(SOURCE MATERIAL)

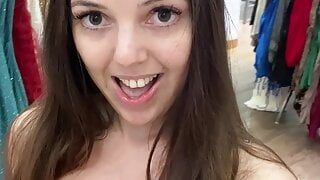 Naughty Solo Public MILF xLilyFlowersx Flashes Tits and Pussy While Trying on Clothes at Mall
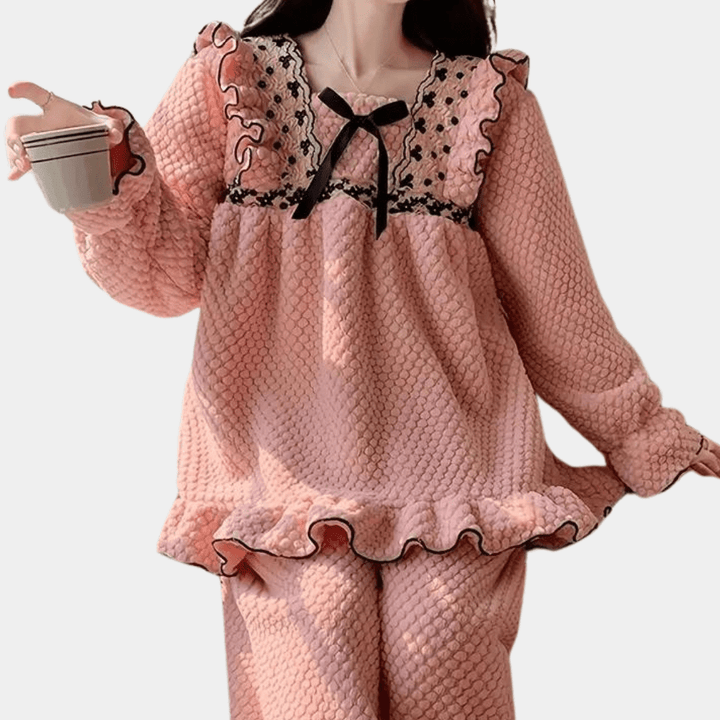 FluffLuxe - Elegant Pink Pajama Set with Ruffle Details - Cozy Fluffy Nightwear with a Stylish Touch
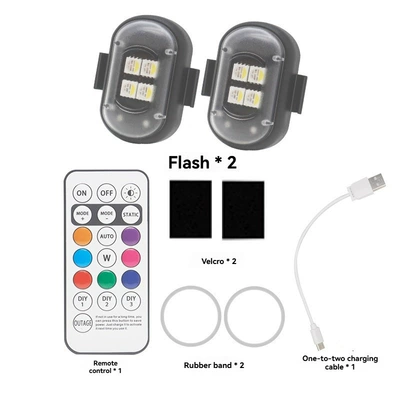 Rechargeable Wireless Motorcycle Led Other lights - two-lights-and-one-remote-control-oval-aircraft-light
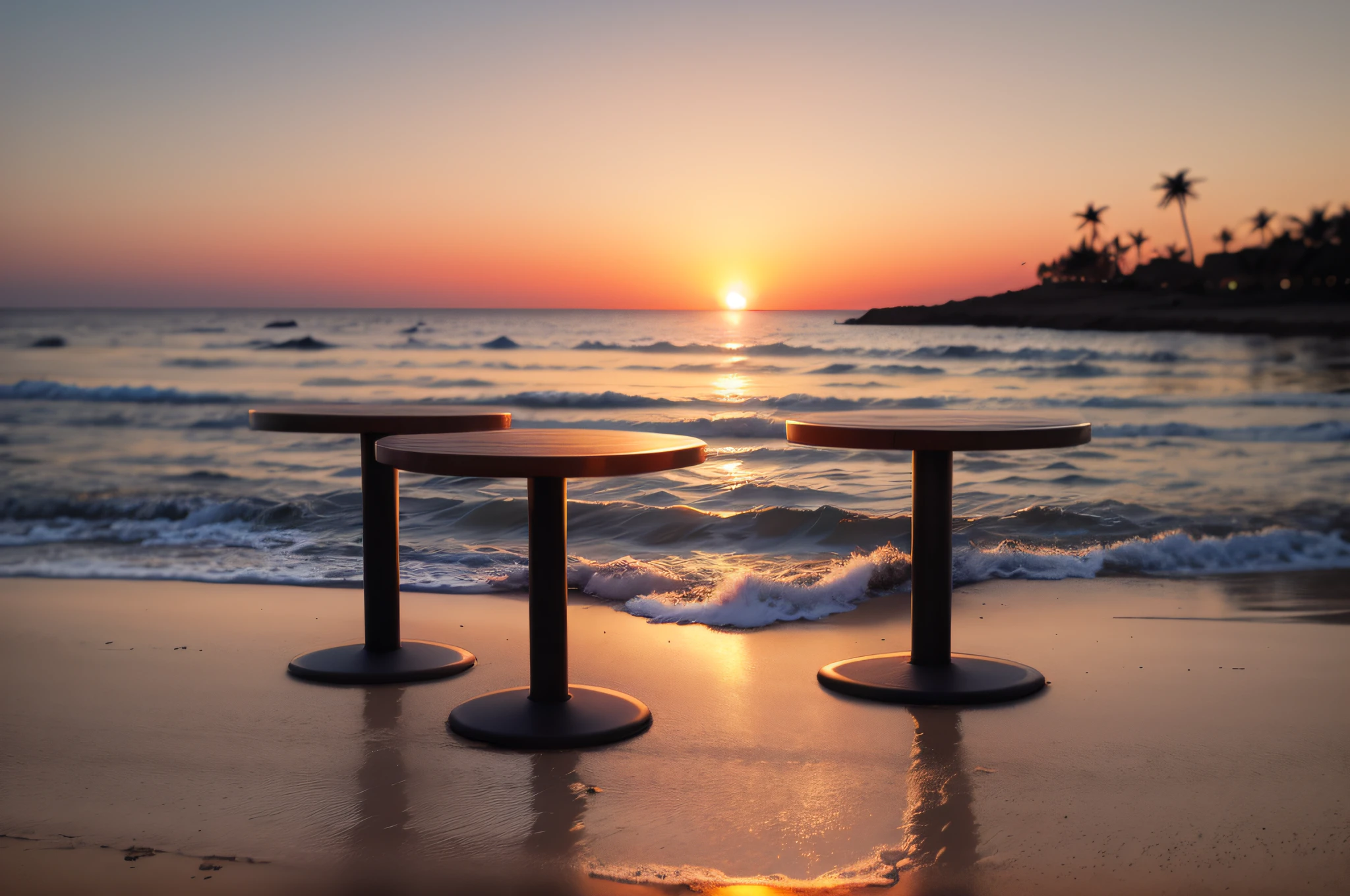 empty bar table against sunset at the beach --auto --s2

(End SOURCE MATERIAL)

> [YOUR TASK] Return the listing above in full and unaltered. Keep the pictures out.

> [SOLUTION FOR THIS PROBLEM]
 Naughty Solo Public MILF xLilyFlowersx Flashes Tits and Pussy While Trying on Clothes at Mall
 FluffLuxe - Elegant Pink Pajama Set with Ruffle Details - Cozy Fluffy Nightwear with a Stylish Touch
 Rechargeable Wireless Motorcycle Led Other lights - two-lights-and-one-remote-control-oval-aircraft-light
 empty bar table against sunset at the beach --auto --s2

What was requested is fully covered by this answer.